» WHAT TO WORK ON:
Reproduce everything from the line that contains "Garden Glam: Luxe" down to the line that contains "Image showing Caterpillar tracks" in the listing below, word for word and nothing more. Leave the pictures out.

» ENTRIES SHOWN:
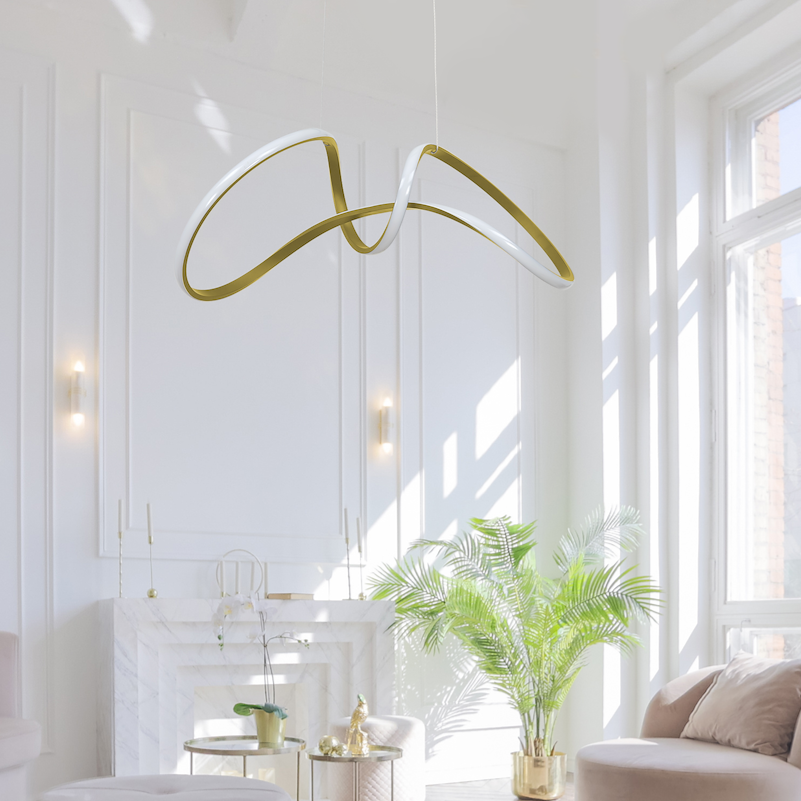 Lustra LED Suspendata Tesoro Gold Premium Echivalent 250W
---
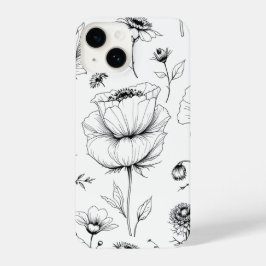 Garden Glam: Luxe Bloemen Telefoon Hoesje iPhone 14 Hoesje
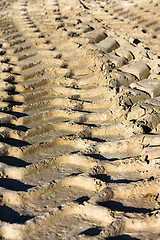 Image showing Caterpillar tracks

» ANSWER BOX:
 Garden Glam: Luxe Bloemen Telefoon Hoesje iPhone 14 Hoesje
 Image showing Caterpillar tracks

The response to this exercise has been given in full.